** Opening Data supplied block **

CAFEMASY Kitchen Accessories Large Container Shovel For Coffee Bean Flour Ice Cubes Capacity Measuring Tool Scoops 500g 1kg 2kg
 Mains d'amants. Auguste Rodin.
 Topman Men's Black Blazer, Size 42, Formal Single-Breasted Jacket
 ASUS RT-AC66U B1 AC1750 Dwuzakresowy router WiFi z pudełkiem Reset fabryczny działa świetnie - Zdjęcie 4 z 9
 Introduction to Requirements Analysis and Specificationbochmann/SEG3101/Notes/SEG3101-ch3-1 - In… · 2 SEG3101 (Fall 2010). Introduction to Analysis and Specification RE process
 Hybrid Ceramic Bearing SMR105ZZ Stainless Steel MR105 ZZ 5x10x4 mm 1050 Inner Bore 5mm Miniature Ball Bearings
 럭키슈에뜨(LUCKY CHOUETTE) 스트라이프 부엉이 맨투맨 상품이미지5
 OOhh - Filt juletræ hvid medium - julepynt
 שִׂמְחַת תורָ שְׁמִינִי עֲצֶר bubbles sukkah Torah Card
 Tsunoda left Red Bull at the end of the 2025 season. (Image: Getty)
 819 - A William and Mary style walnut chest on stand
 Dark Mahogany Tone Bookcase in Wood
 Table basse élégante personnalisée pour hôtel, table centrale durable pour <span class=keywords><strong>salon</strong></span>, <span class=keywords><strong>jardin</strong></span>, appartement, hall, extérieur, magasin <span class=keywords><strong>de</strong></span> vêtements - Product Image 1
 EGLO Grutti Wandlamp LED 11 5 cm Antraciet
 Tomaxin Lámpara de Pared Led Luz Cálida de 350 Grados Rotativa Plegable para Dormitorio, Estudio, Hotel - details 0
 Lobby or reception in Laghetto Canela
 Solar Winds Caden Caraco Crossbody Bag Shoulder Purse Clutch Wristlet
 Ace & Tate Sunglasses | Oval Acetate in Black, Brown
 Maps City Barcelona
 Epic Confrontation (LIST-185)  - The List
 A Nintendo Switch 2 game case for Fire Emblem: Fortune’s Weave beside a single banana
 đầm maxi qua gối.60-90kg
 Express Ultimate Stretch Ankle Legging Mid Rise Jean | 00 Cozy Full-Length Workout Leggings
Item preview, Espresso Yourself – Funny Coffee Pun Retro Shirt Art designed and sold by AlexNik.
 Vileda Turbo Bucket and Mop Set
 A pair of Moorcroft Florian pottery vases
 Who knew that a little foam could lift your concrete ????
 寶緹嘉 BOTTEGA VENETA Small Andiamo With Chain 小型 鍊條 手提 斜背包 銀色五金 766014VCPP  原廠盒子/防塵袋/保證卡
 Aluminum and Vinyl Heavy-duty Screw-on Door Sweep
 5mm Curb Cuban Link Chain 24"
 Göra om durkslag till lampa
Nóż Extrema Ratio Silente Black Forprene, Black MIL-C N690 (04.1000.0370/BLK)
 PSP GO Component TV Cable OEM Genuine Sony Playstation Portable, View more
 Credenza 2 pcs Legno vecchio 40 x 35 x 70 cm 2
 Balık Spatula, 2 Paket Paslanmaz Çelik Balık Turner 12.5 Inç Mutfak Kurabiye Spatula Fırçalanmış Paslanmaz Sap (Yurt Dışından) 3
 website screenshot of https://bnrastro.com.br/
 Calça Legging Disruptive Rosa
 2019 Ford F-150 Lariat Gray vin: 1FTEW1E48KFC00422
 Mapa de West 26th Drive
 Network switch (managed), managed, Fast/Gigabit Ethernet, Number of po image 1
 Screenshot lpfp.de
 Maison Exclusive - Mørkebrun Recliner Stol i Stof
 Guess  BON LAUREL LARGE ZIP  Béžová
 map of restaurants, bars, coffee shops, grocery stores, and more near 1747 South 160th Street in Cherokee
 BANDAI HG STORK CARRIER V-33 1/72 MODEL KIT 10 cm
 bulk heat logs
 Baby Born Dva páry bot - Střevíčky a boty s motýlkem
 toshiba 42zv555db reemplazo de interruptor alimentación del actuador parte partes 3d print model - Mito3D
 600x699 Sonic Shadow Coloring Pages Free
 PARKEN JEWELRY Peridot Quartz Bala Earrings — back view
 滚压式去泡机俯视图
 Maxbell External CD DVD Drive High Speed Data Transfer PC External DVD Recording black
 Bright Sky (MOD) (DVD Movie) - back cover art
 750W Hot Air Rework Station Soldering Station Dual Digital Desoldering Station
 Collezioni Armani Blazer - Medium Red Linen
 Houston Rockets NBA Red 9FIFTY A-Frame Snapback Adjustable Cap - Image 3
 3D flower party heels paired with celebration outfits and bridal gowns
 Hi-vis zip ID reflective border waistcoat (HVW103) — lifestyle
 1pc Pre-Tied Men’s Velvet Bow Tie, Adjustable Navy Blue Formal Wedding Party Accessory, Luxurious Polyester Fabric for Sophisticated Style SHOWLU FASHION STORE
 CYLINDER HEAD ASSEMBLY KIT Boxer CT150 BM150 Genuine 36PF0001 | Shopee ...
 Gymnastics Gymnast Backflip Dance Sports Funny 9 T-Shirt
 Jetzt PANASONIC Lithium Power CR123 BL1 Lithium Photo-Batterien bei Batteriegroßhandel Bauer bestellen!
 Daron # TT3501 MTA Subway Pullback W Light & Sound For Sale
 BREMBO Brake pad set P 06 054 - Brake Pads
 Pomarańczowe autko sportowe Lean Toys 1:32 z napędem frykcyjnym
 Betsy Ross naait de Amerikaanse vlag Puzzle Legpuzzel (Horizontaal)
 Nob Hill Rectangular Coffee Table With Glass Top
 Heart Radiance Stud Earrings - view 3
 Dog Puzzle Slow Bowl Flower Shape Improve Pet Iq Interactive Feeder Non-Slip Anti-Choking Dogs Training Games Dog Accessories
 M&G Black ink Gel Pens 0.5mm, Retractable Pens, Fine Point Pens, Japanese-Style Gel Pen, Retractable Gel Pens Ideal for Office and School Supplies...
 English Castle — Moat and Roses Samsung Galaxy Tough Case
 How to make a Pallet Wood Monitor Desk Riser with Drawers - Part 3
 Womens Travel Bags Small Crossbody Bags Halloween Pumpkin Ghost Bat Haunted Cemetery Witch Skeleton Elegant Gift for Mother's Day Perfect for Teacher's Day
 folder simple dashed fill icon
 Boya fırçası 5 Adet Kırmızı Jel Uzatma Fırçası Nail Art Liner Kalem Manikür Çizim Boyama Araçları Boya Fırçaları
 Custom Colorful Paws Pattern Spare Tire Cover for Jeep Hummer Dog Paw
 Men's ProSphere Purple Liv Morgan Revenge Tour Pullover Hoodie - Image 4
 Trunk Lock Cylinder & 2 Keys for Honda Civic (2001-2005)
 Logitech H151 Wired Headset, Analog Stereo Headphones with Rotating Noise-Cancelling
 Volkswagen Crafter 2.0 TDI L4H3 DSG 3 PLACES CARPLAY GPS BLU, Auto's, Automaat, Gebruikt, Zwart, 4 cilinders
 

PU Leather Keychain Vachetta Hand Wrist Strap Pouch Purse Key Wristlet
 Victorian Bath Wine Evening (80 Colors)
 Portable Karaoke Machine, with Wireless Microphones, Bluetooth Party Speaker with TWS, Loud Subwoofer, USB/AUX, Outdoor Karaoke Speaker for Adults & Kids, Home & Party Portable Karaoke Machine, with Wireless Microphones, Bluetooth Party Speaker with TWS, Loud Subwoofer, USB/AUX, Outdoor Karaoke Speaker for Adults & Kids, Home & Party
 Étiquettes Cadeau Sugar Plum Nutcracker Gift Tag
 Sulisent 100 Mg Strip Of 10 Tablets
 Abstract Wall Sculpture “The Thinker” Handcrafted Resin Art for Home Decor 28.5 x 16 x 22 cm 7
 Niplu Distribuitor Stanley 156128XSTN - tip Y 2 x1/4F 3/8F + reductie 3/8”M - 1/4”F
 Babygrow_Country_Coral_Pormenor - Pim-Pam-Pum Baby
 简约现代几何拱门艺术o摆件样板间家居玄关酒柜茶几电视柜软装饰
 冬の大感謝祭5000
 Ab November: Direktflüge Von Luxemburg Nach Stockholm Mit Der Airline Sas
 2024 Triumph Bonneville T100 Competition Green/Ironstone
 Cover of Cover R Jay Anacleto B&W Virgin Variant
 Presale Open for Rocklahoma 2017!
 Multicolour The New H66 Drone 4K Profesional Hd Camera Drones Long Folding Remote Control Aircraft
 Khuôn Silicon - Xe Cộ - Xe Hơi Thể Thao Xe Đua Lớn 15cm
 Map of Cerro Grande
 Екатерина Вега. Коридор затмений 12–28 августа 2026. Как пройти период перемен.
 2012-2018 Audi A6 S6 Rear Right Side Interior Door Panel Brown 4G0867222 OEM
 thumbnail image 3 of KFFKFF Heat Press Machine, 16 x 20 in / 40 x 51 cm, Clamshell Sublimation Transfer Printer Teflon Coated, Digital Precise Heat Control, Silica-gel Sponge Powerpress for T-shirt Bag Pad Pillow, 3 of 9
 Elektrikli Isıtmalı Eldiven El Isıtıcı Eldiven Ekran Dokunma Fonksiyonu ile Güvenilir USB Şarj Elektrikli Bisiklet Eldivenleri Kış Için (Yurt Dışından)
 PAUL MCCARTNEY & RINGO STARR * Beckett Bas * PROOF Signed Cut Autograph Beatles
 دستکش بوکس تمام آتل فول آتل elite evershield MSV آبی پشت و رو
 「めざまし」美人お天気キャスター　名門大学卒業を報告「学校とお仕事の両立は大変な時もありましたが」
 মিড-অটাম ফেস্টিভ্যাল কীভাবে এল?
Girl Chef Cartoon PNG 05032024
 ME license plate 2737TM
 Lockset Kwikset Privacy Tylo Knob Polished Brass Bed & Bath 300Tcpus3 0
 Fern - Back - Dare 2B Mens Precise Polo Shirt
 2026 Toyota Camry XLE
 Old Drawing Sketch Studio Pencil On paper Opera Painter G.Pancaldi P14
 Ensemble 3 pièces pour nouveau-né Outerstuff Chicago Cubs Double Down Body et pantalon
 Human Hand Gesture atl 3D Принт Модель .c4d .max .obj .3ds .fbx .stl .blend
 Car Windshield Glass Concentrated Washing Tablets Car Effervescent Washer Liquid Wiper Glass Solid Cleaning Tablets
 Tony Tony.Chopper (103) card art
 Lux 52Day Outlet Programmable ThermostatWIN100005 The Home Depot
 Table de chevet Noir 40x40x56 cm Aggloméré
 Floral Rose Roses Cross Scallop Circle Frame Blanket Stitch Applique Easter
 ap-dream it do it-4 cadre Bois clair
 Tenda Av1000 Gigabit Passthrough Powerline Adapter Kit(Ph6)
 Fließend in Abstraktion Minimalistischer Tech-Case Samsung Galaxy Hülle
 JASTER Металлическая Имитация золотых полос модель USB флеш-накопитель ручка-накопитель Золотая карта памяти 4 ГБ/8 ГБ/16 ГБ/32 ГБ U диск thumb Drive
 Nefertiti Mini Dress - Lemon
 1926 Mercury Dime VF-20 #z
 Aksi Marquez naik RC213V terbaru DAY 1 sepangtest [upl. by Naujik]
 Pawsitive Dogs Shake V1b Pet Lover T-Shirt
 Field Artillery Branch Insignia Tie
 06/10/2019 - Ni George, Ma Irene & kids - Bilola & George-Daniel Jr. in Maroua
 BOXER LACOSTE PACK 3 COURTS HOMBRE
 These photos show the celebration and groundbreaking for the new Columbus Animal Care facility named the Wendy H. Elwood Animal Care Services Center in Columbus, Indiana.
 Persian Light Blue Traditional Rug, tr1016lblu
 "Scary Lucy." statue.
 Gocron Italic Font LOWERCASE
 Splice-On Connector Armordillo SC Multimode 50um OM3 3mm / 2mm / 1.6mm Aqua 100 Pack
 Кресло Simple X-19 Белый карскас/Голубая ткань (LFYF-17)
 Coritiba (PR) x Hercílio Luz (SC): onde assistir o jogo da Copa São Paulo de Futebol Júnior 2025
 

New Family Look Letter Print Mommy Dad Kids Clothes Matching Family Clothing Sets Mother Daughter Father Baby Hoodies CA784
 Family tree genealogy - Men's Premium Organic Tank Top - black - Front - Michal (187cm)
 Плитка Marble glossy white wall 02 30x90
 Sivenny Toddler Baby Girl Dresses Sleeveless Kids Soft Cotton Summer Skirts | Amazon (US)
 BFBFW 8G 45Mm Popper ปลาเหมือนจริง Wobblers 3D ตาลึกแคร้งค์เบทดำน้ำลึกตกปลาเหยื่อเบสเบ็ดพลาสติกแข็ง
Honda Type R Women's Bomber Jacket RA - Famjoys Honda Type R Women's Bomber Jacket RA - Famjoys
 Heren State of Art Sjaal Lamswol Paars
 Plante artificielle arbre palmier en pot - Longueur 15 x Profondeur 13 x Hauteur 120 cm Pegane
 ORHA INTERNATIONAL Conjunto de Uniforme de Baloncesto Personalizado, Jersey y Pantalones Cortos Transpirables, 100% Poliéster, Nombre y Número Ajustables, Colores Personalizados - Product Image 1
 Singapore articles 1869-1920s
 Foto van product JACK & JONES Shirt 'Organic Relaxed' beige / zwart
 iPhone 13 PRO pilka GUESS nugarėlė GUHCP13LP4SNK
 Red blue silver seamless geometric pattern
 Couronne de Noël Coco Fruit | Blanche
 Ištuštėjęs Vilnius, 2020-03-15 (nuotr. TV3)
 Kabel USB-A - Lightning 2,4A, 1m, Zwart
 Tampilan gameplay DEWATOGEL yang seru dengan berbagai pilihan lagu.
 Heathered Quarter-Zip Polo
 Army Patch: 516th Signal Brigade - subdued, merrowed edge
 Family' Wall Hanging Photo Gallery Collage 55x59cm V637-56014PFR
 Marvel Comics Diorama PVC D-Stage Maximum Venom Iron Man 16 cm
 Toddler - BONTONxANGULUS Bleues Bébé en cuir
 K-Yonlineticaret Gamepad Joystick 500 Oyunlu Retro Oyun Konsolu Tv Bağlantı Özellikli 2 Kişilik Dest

** Closing Data supplied block **

* _Task to complete_: Find the lines above that contain the word "Dışından" and collect them.

* _Task answer_:
 Balık Spatula, 2 Paket Paslanmaz Çelik Balık Turner 12.5 Inç Mutfak Kurabiye Spatula Fırçalanmış Paslanmaz Sap (Yurt Dışından) 3
 Elektrikli Isıtmalı Eldiven El Isıtıcı Eldiven Ekran Dokunma Fonksiyonu ile Güvenilir USB Şarj Elektrikli Bisiklet Eldivenleri Kış Için (Yurt Dışından)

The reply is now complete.